Joven, alegre, de trato suave, casi despreocupada, nada exigente, afectuosa, desinteresada y anticonvencional… Pese a la similitud que muchos han establecido entre todas sus amantes, Marie-Thérèse era la antítesis de Olga, quien entonces no era nada más que una etapa artística ya pasada de Picasso. La joven fue para él un hálito de frescura, una brisa limpia y revitalizante (a pesar de sus ya casi cincuenta años, pues el propio artista decía: un hombre tiene siempre la edad de la mujer a la que ama) y un lienzo inspirador sobre el que el artista desarrolló una de sus etapas más fructíferas. Marie- Thérèse se transformó en algo más que su modelo y su amante: era la fuente de inspiración que Picasso necesitaba. Devolvió la paz a la vida del pintor, pero no definitivamente. El genio no estaba hecho para la vida hogareña, la rutina cotidiana, el llanto de un bebé y el olor de los pañales que llegaron ocho años después, cuando nació su segunda hija. Una cosa era la aventura prohibida inicial y otra aquello en lo que Marie-Thérèse se había convertido. Una vez más, Pablo Picasso necesitaba un cambio.
“Marie-Thérèse, en principio, significaba la paz, de la que estaba tan necesitado.

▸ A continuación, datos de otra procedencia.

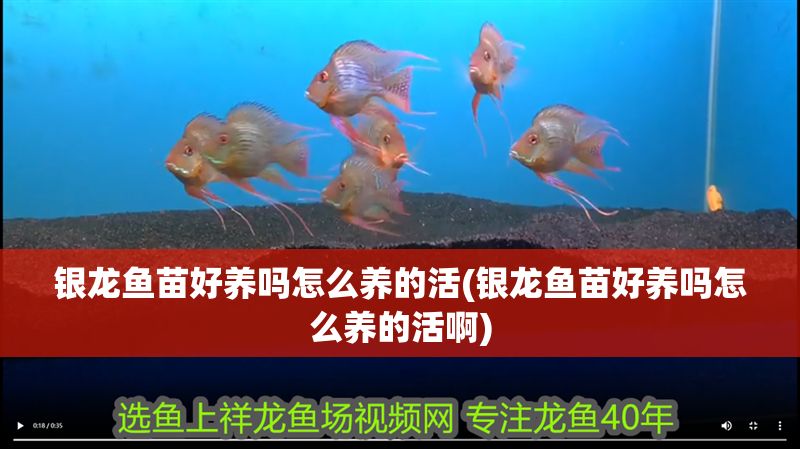 銀龍魚苗好養(yǎng)嗎怎么養(yǎng)的活(銀龍魚苗好養(yǎng)嗎怎么養(yǎng)的活啊)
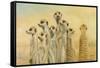 Meerkats-Henk Van Zanten-Framed Stretched Canvas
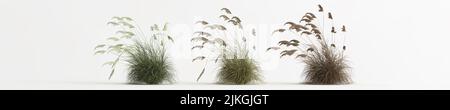 3d illustration of set cortaderia selloana grass isolated on white background Stock Photo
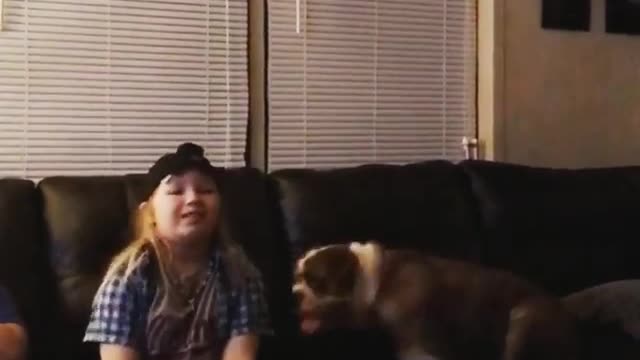 Collab copyright protection - bull dog tackles girl blue flannel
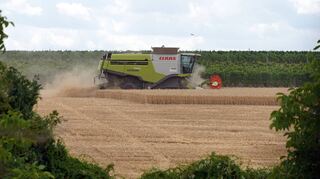 Trockene Angelegenheit: Ein Mähdrescher am Donnerstag bei der Ernte in der Pfalz. Zuletzt kam es öfter zu Flächenbränden in der Region.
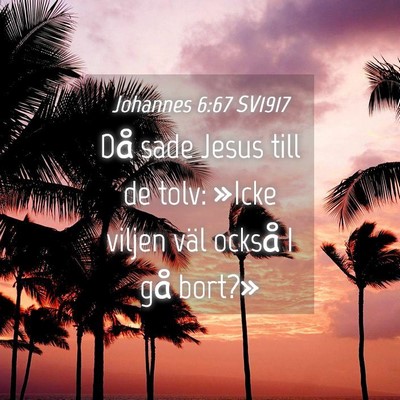 Picture 04 - Johannes 6:67 SV1917 - Då sade Jesus till de tolv: »Icke viljen väl - Bible Verse Picture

Pero en cuanto esa paz tampoco fue posible a su lado, todo se fue precipitando hacia su desenlace final”
Pablo Picasso
A nosotros nos quedan sus retratos, su dulzura, su paciencia y su fidelidad por el artista. Marie-Thérèse ha pasado a convertirse en la musa de una de las etapas más prolíficas y amadas del pintor. Ahora nosotros sabemos quién es la mujer que estaba detrás de esos rostros suaves ocultos y desbaratados bajo el estilo particular de Picasso. Concedámosle el mérito y dejemos de considerarla musa para darle el verdadero papel que tuvo durante este periodo: ella es realmente la protagonista, la dulce magia que embaucó al artista y movió sus brazos, su pincel, con movimientos suaves y delicados que a día de hoy se han convertido en auténticas joyas de la Historia del Arte.